● TASK OBJECTIVE:
Below are the records; return exactly the lines from the one with "种黑老虎适合用什么土，沙壤土有利于它生长" through the final line, both included, minus any pictures.

● INFORMATION SHOWN:
[Start of section]
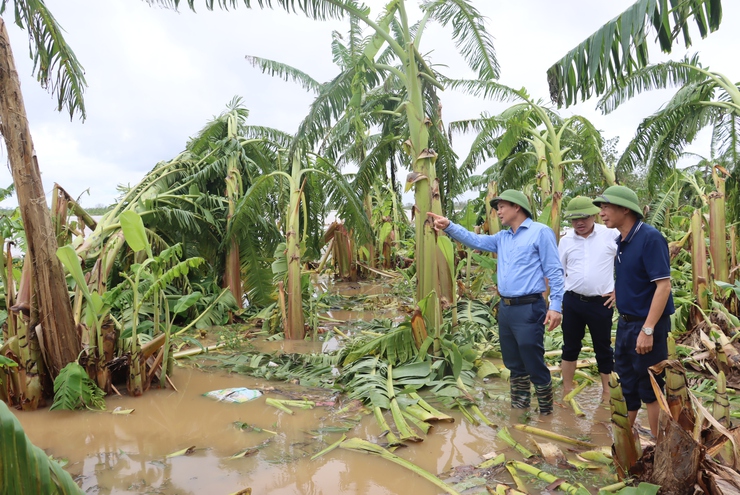 Các đồng chí lãnh đạo huyện đề nghị các địa phương triển khai phương án di dời các hộ dân trong khu vực ngập lụt- Ảnh 3.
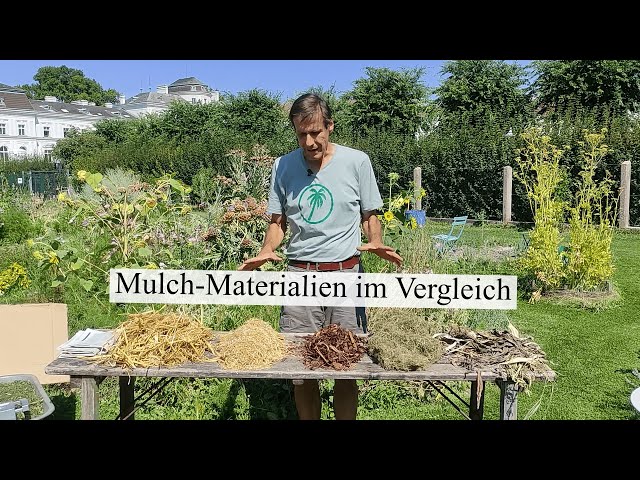 Perfekte Mulch-Materialien für den Gemüsegarten 💚 Gras, Schafswolle, Folien & Zeitungen als Mulch?!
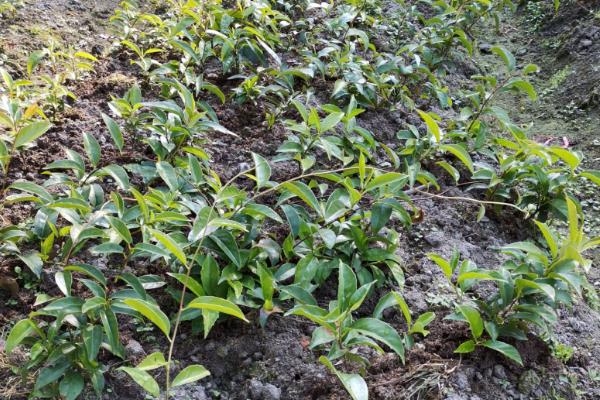 种黑老虎适合用什么土，沙壤土有利于它生长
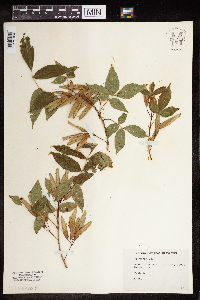 Fraxinus nigra image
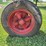 farmall-regular-image-10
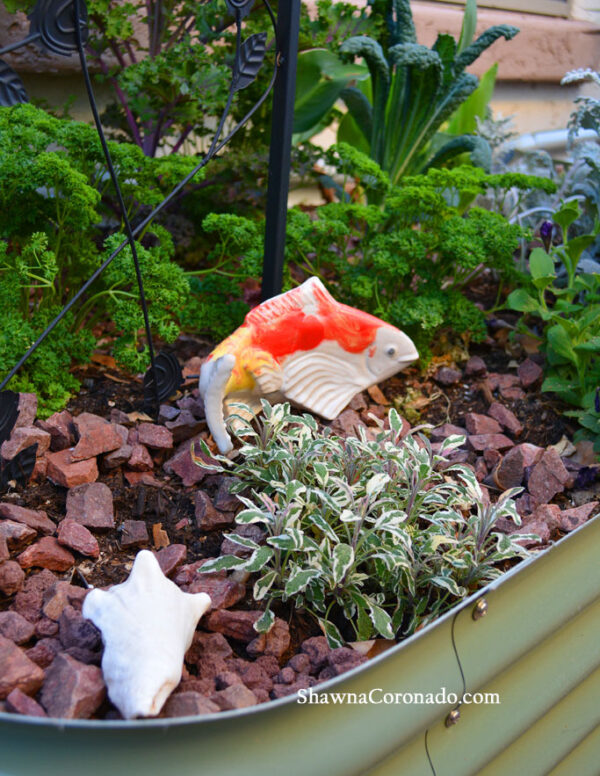 Art-Gallery-Small-Kohaku-Koi-Fish-in-Garden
[End of section]
● SOLUTION TO THE PROBLEM:
 种黑老虎适合用什么土，沙壤土有利于它生长
 Fraxinus nigra image
 farmall-regular-image-10
 Art-Gallery-Small-Kohaku-Koi-Fish-in-Garden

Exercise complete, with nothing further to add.